No more fireworks
The City Council must take immediate action and rescind their decision to allow fireworks to be used in our residential areas.
Smoke from fireworks is harmful to your health. The smoke emitted by fireworks pose a health risk, particularly to people who suffer from Asthma, COPD and other respiratory problems.
Fireworks cause extensive air pollution in a short amount of time, leaving metal particles, dangerous toxins, harmful chemicals and smoke in the air for hours and days. The different colors and effects produced in these displays are achieved by adding metals to the gunpowder.
The long-term effects in healthy people are still unknown, but common sense tells us it cannot be good to inhale the high levels of metallic particles in this smoke, even if this only happens a few times a year.
Firework debris can still contain toxic chemicals and other poisons that can harm animals that may ingest them. Dogs have been known to try and attack fireworks or firecrackers, eat them, catch them or try to play with them, sometimes resulting in horrible injuries — and even death. Very anxious pets have been known to hurt themselves trying to flee from the unsettling sounds of fireworks.
Noise from fireworks can cause distress, especially as fireworks can sound like gunfire. Individuals with Post Traumatic Stress Disorder (PTSD), explosions and noisy displays raise anxiety levels and bring back traumatic memories of gunfire, bomb detonations and terrifying conditions.

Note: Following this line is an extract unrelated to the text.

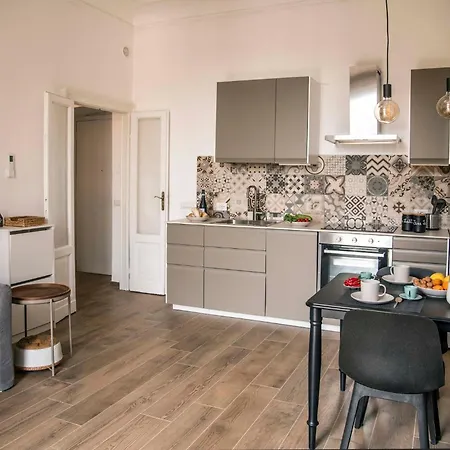 Διαμέρισμα Porpora 109 - Comfy Flat In Loreto District Μιλάνο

Combat veterans living in our neighborhoods suffering from PTSD have a terrible time coping with flash backs and the 4th of July is a time of dread and not celebration.
A sad day
Thank you to Ron Petak for your wonderful tribute containing many fine accolades, laurels and attributes, and so much more, honoring Eugene Curtin in “Making the Grade A+”. So well deserved.
It saddens me to think that we will no longer be able to wander down Memory Lane with Eugene Curtin every Wednesday in the Bellevue Leader.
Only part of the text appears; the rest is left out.